Air from our environment has various elements that can easily react with metals and cause undesirable results. Under room temperature, the moisture, oxygen, carbon dioxide, and hydrogen that are present in the atmosphere can each cause small but varying reactions with metals. Most of the time, however, these reactions can accelerate drastically if the metals are exposed to heat or a hot environment.
One instance where metals would be subjected under heat would be their fabrication process. The colour of a polished metal that is held over a heat source can ultimately turn to blue or black as it reacts to the elements present in the atmosphere. Without any intervening processes, some types of metals would truly have worse reactions and severe property changes than the mentioned example.
Basic Principles of Vacuum Heat Treatment
Fortunately, more and more metal fabrication companies have been applying the processes of vacuum heat treatment for their works. Vacuum heat treatment is comprised of a series of processes that can prevent metals from interacting directly with reactive elements. Some of the undesirable results that vacuum heat treatment can avoid include discolouration, scale, and contamination.
To effectively remove the reactive elements, the metal product is placed in a tightly sealed heat-treating chamber. The vacuum pumping system on this chamber is guaranteed to remove most of the air that would affect the overall quality and integrity of the metal material. At the same time, in this very same chamber, the metal is heated to a suitable temperature for it to possess the desired properties. Inert gases are then used for the cooling process of the processed metal material.

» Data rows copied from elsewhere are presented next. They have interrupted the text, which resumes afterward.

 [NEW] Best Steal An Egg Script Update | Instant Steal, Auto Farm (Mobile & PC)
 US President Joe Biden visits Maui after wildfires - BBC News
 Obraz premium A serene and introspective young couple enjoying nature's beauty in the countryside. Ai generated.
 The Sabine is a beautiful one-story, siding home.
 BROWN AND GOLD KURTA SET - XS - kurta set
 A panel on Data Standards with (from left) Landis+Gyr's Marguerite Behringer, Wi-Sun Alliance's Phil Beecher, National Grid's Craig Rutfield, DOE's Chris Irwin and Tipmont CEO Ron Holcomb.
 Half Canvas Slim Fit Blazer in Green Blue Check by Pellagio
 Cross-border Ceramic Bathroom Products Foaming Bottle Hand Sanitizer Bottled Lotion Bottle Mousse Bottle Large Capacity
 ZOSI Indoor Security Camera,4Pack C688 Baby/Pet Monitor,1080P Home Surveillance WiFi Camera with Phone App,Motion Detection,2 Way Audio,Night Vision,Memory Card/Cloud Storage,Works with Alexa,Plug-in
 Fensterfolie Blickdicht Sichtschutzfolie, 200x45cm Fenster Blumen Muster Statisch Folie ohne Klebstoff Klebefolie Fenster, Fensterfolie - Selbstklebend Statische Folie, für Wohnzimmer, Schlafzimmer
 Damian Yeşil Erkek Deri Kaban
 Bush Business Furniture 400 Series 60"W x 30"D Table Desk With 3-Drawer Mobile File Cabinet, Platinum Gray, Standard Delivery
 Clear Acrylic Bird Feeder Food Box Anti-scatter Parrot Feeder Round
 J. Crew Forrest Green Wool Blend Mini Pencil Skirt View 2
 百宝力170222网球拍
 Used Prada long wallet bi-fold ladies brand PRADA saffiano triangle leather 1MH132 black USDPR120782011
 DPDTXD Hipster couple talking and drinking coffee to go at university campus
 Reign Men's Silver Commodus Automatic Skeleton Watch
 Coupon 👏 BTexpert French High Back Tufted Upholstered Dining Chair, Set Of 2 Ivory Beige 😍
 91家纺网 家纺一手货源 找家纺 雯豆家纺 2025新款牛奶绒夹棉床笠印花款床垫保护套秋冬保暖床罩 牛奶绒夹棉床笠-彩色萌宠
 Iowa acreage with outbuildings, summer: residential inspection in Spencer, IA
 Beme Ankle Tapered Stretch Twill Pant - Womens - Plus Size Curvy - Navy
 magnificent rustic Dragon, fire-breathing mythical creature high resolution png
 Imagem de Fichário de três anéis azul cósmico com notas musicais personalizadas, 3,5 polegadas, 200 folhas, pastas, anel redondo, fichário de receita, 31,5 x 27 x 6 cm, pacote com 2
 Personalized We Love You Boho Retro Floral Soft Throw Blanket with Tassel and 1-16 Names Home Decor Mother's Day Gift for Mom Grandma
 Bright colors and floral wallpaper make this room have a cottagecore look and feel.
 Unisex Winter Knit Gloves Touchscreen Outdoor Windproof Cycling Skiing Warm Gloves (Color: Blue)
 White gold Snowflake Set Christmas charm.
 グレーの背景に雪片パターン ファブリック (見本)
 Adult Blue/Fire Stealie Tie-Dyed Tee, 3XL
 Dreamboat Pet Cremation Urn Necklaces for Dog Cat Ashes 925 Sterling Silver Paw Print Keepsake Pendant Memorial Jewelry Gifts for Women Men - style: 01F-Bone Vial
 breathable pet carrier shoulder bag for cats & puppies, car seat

Advantages of Vacuum Heat Treatment
The advantages brought by vacuum heat treatment are abundant. One great advantage of this process is that it ensures the absence of oxidation, decarbonisation, and other presence of carbon inside the metal material. The absence of these processes and elements will then allow the workpiece to be formed without unnecessary scaling or discolouration. Additionally, the very same workpiece would emerge ready for further processing and forming, all without the need to clean it again.
As for the properties of the metal material, vacuum heat treatment can significantly improve its plasticity, toughness, and fatigue strength. Improvements over the thermal efficiency of metal materials are likewise expected right after all necessary vacuum heat treatment processes are done.
Common Vacuum Heat Treating Services
Some of the most common services that are conducted for vacuum heat treatment are the following:
Other vacuum heat treating services that can be used for metal materials are normalising, solution heat treatment, and aging treatment.
Metals typically undergo various heat treatment processes to alter their overall properties and characteristics. Generally, heat treatment is a group of industrial, thermal, or metalworking processes that are utilised to change the physical or chemical properties of a material. Aside from metals, other materials like glass can also maximise the benefits of different heat treatment processes.
There are a lot of processes that are under heat treatment. Some of these processes include annealing, case hardening, carburising, precipitation, strengthening, tempering, and quenching. A wide variety of properties, such as ductility and toughness, that is found on a specific material can be easily modified by one or more of the mentioned heat treatment processes.
Heat Treatment Processes for Metals
Metals such as steels and other alloys are hugely utilised in the manufacturing industry. Their versatility, durability, and longevity have encouraged a lot of manufacturers to maximise them and fabricate them into different equipment, appliances, devices, and other products.
The fabrication of metals has been carried out through different heat treatment processes. One of the most common heat treatment processes for metals is annealing. This heat treatment process heats and slowly cools metal to eradicate stress and makes it softer. Annealing likewise modifies the structure and ductility of the metal. Precipitation hardening, on the other hand, subjects the metal at elevated temperatures to increase its yield or even high-temperature strength.
Carburising is another heat treatment process that adds carbon to the surface of the metal by heating it below the melting point and exposing it with carbon-rich elements. This process helps the metal gain a harder surface and withstand abrasion. Quenching, alternatively, is a heat treatment process that cools the metal by immersing it into water or oil. This is done to fix the whole metal structure in a solidified state.
Protective Atmosphere Normalising
Another heat treatment process or technique that can be utilised by manufacturers would be a protective atmosphere normalising. The purpose of undergoing this heat treatment process is to refine the grain size of the metal and subsequently improve the uniformity of its microstructure. This process can also enhance the overall machinability of the metal.
Protective atmosphere normalising is carried out by heating the metal under suitable temperature and subsequently still-air cooling it to eliminate the heat or thermal influence from hot rolling or forging. The metals under this process are typically heated about 37°C above the upper critical temperature, which is around 900°C. They are then held at the given temperature so that all their parts are evenly heated before cooling them in air.
Cold worked metals are expected to soften when normalised, while metals that have undergone annealing will become reinforced when subjected under this heat treatment process. The microstructure that is produced by this heat treatment process can be pearlite, pearlite in a ferrite matrix, or pearlite in a commentate matrix.
Materials that have been welded, segregated in castings, and forged can all utilise the refinements of protective atmosphere normalising, especially when it comes to their microstructure and grain size.